Material provided section start

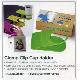 Clamp Clip Cup Holder, T1317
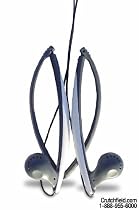 Sony MDR-A35G S2 Sports Headphones with Sweat Guard Mechanism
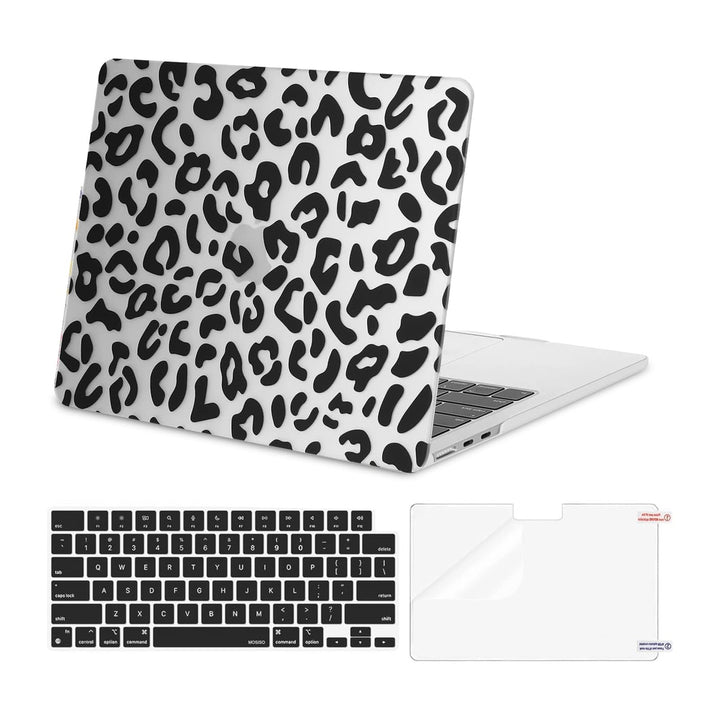 Leopard Hard Case for MacBook Air 13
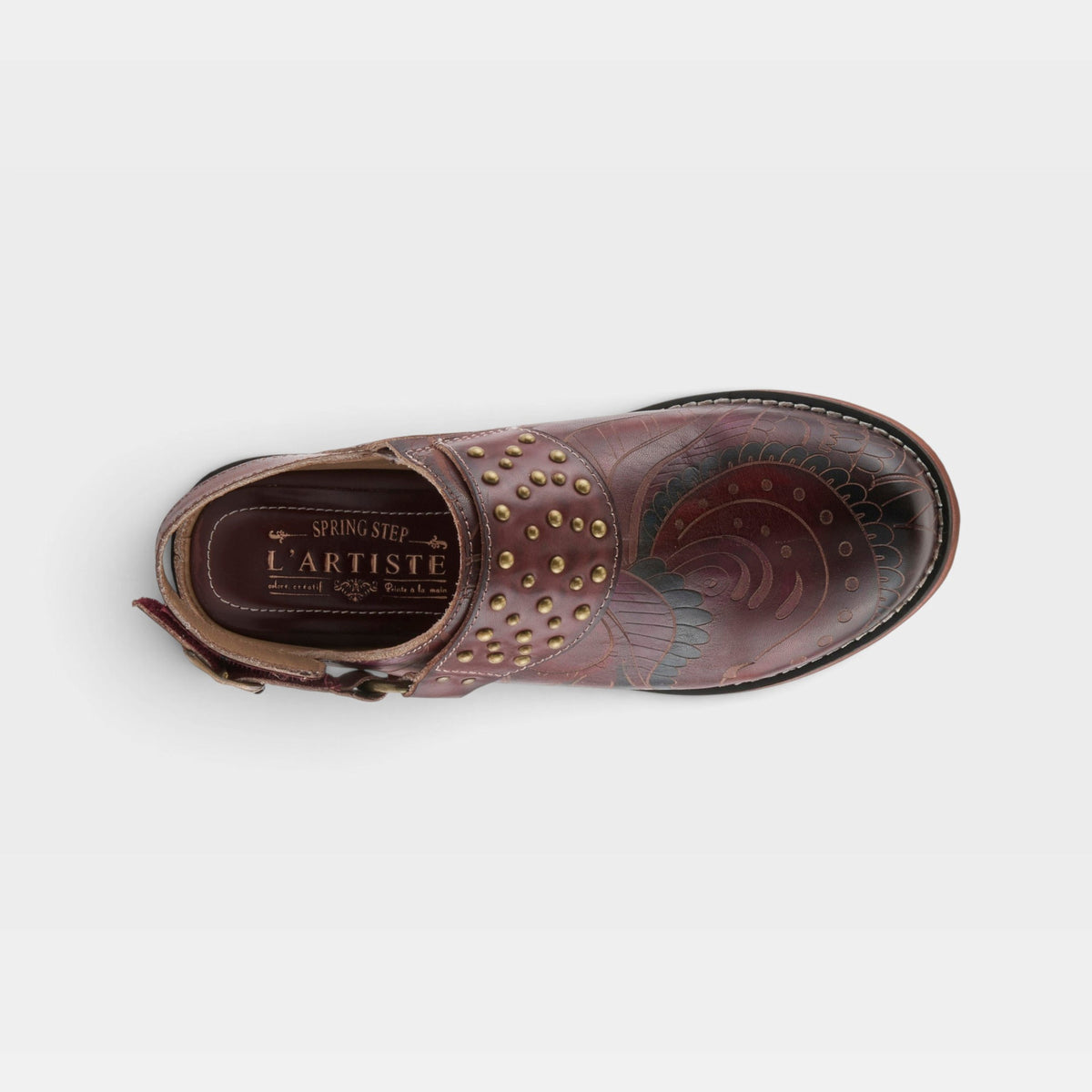 L'ARTISTE DAYTONA CLOGS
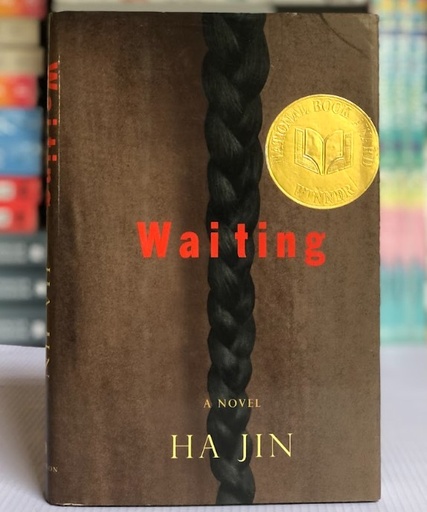 [10340] [USED] Waiting by Ha Jin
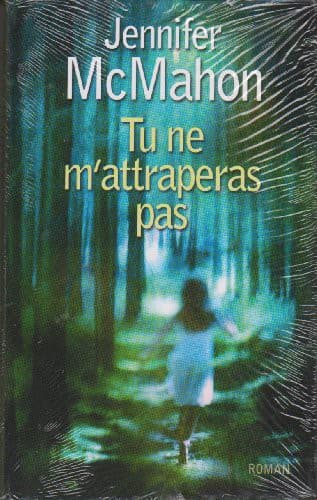 Portada de Tu ne m'attraperas pas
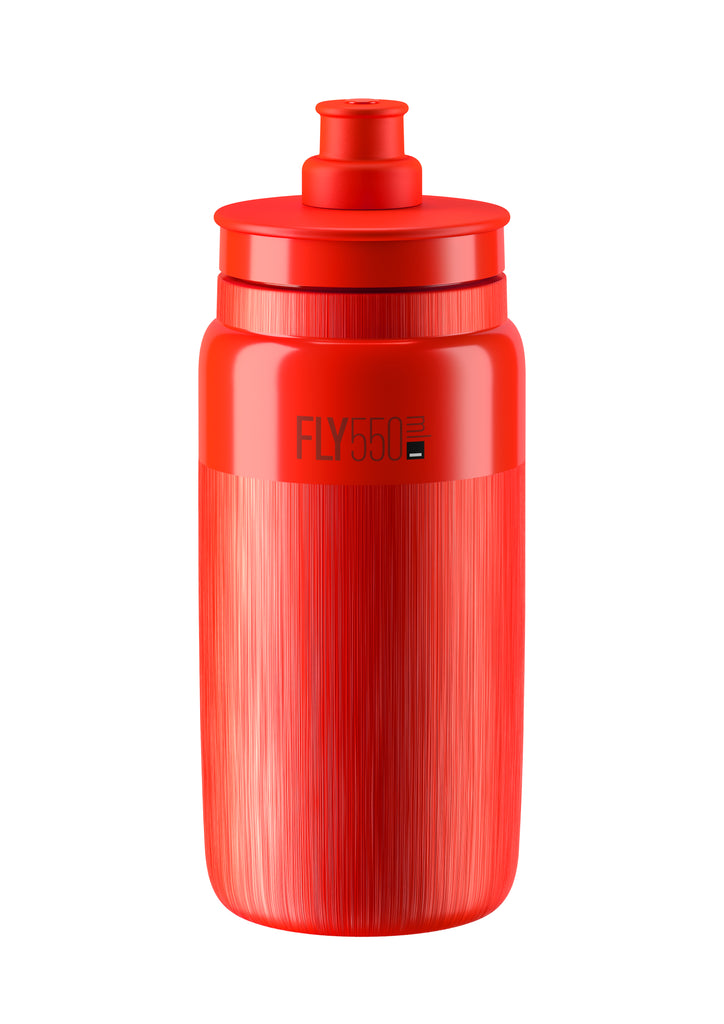 Fly 550ml (Red, textured)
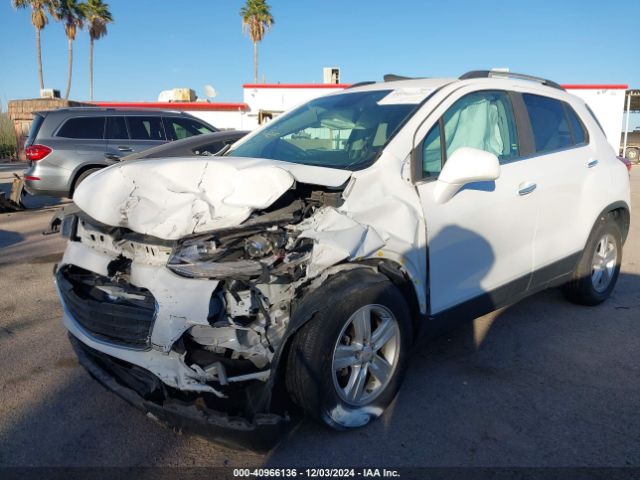 KL7CJLSB6KB936543 Chevrolet Trax Lt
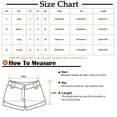 thumbnail image 3 of Zpanxa Womens Shorts Casual Women Fashion Button Zipper Pockect Solid Shorts Pants Khaki XL, 3 of 4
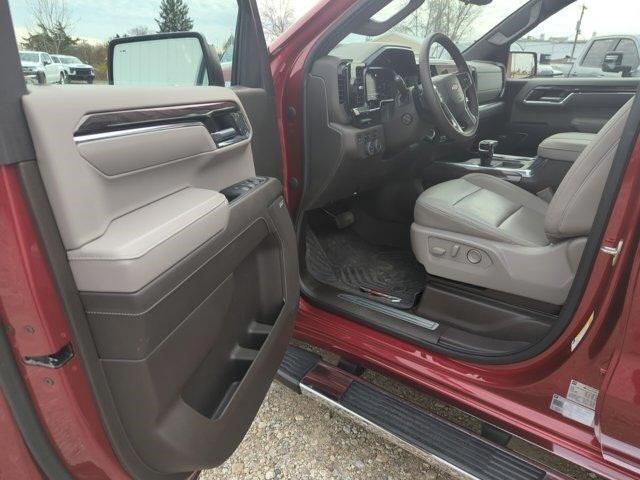 used 2023 Chevrolet Silverado 1500 car, priced at $55,980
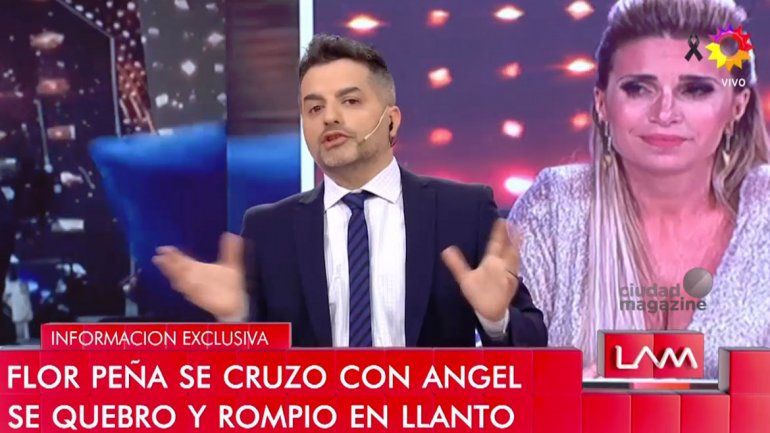 No me gusta en el jurado y es un gran error que esté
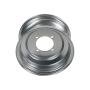 Wheele Rim 10x5-156 Front ATV Chrome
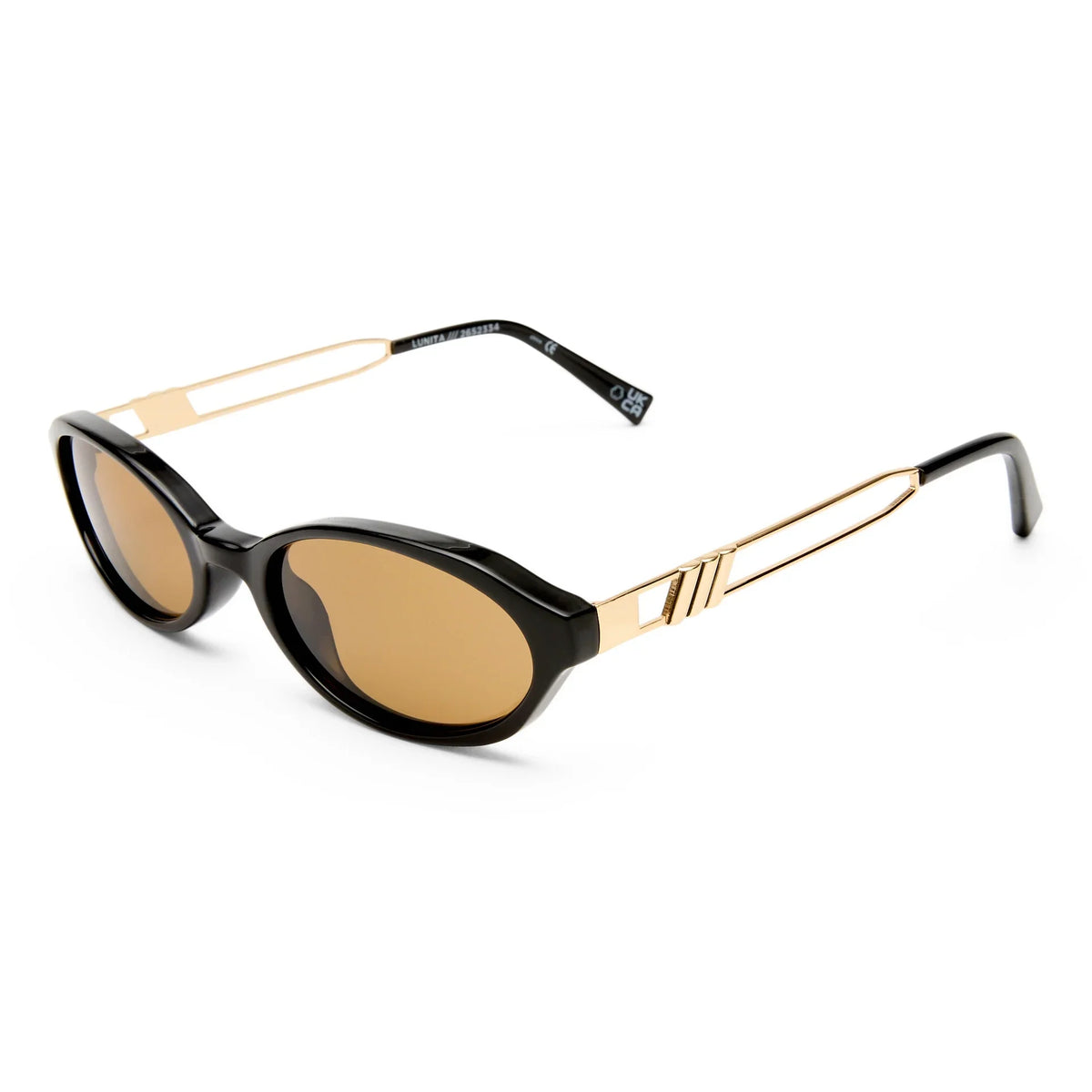 Le Specs | Lunita | Black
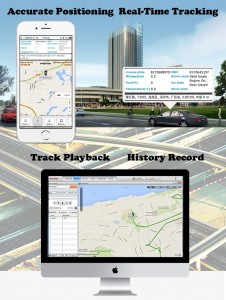 Mini Plug Play OBD GPS Tracker Car GSM OBD2 Vehicle Tracking Device Free Monitoring Web And APP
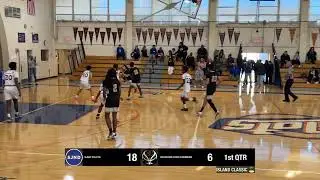 SJND Pilots vs Hayward High - JV Game 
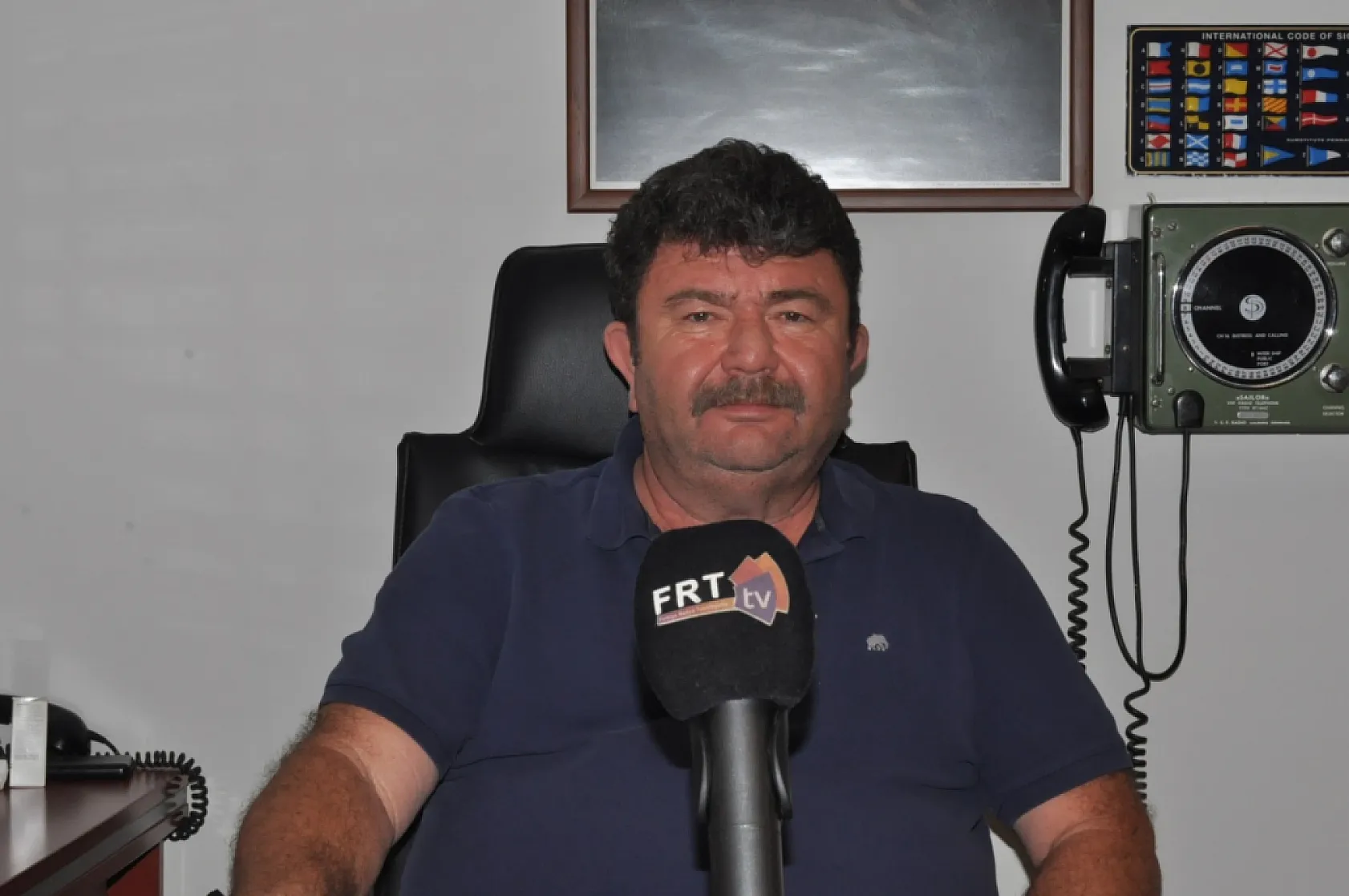 Fethiye'de Turizmci Hikmet Selçuk, '2024 Sezonu Sona Erdi, 2025'e Hazırlıklar Başladı'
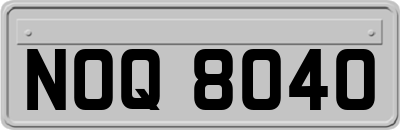 NOQ8040
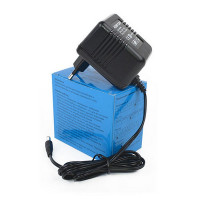 Адаптер/блок питания ROBITON B9-500 5,5х2,1/12 (-)
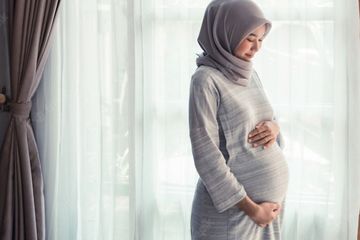 Tata cara puasa Senin Kamis bagi ibu hamil.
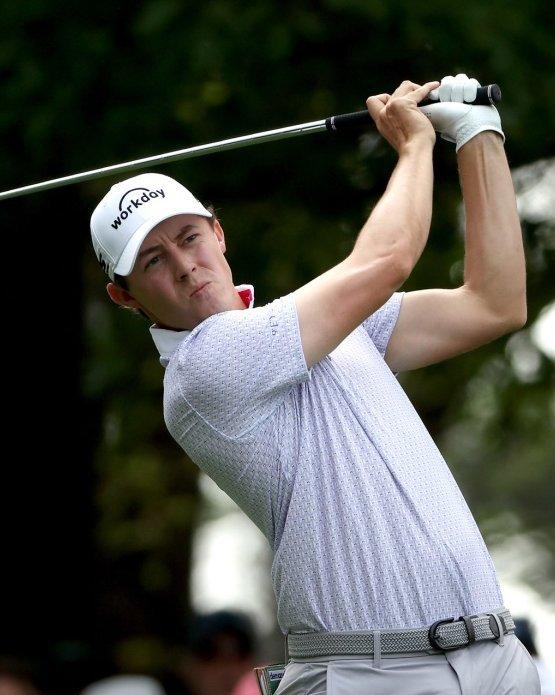 Matt Fitzpatrick Athlete Profile Image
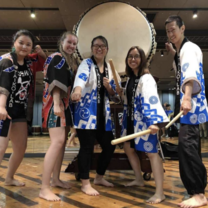 Interns at CRCC Asia Activity in Tokyo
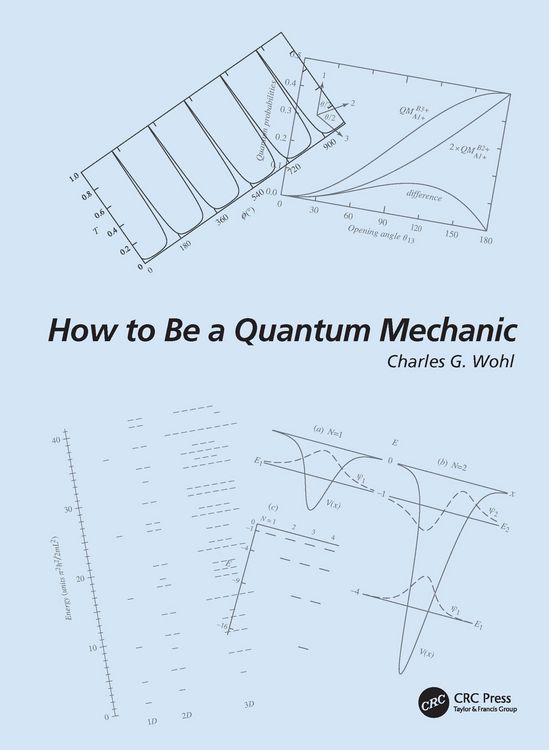 Produktbild: How to Be a Quantum Mechanic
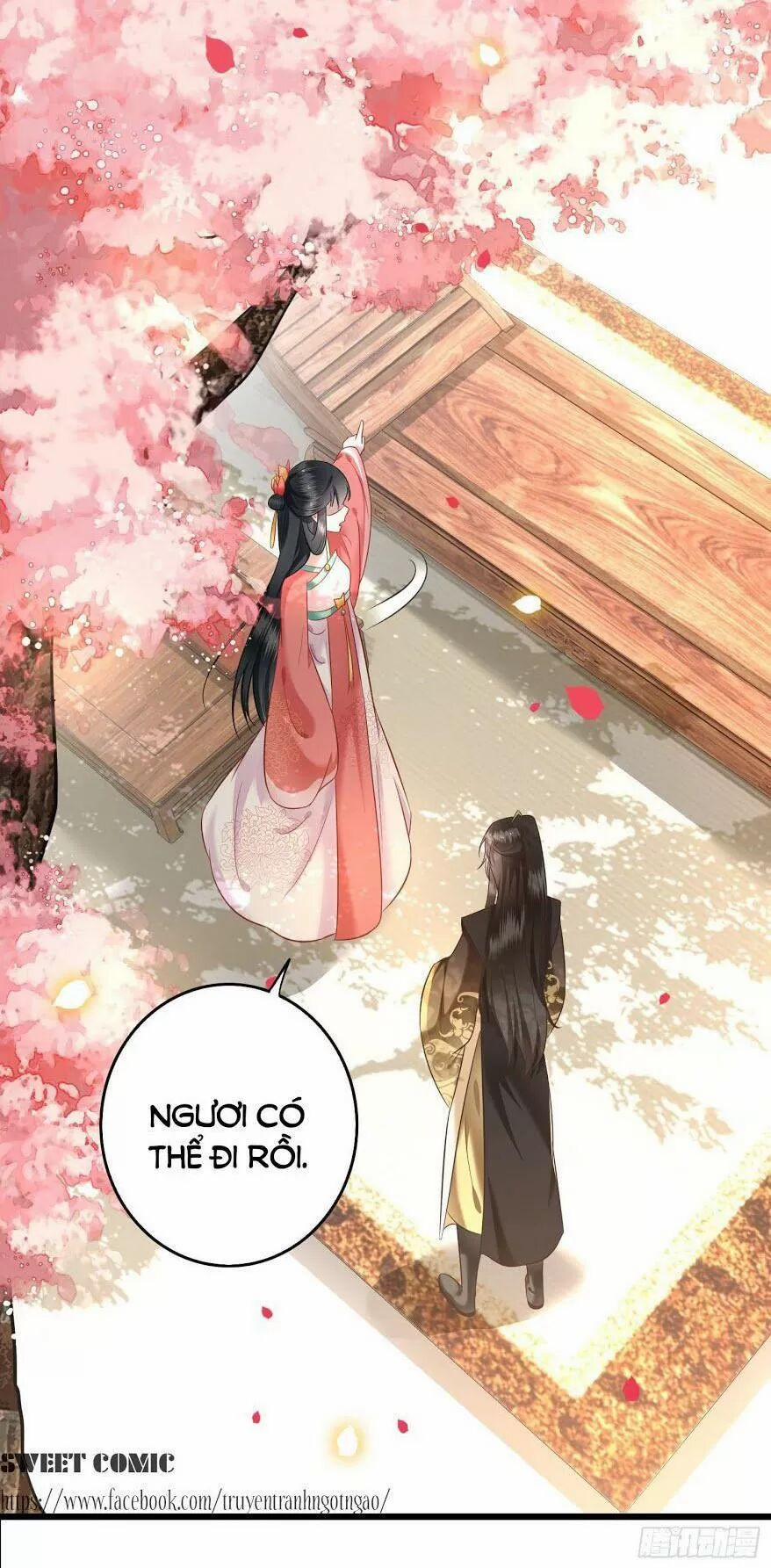 Con Đường Hoang Dã Của Vương Phi 9 trang 19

Material provided section end

- _Activity_: Write out the data exactly, and exclude every picture it holds.

- _Answer to the problem_:
 Clamp Clip Cup Holder, T1317
 Sony MDR-A35G S2 Sports Headphones with Sweat Guard Mechanism
 Leopard Hard Case for MacBook Air 13
 L'ARTISTE DAYTONA CLOGS
 [10340] [USED] Waiting by Ha Jin
 Portada de Tu ne m'attraperas pas
 Fly 550ml (Red, textured)
 KL7CJLSB6KB936543 Chevrolet Trax Lt
 thumbnail image 3 of Zpanxa Womens Shorts Casual Women Fashion Button Zipper Pockect Solid Shorts Pants Khaki XL, 3 of 4
 used 2023 Chevrolet Silverado 1500 car, priced at $55,980
 No me gusta en el jurado y es un gran error que esté
 Wheele Rim 10x5-156 Front ATV Chrome
 Le Specs | Lunita | Black
 Mini Plug Play OBD GPS Tracker Car GSM OBD2 Vehicle Tracking Device Free Monitoring Web And APP
 SJND Pilots vs Hayward High - JV Game 
 Fethiye'de Turizmci Hikmet Selçuk, '2024 Sezonu Sona Erdi, 2025'e Hazırlıklar Başladı'
 NOQ8040
 Адаптер/блок питания ROBITON B9-500 5,5х2,1/12 (-)
 Tata cara puasa Senin Kamis bagi ibu hamil.
 Matt Fitzpatrick Athlete Profile Image
 Interns at CRCC Asia Activity in Tokyo
 Produktbild: How to Be a Quantum Mechanic
 Con Đường Hoang Dã Của Vương Phi 9 trang 19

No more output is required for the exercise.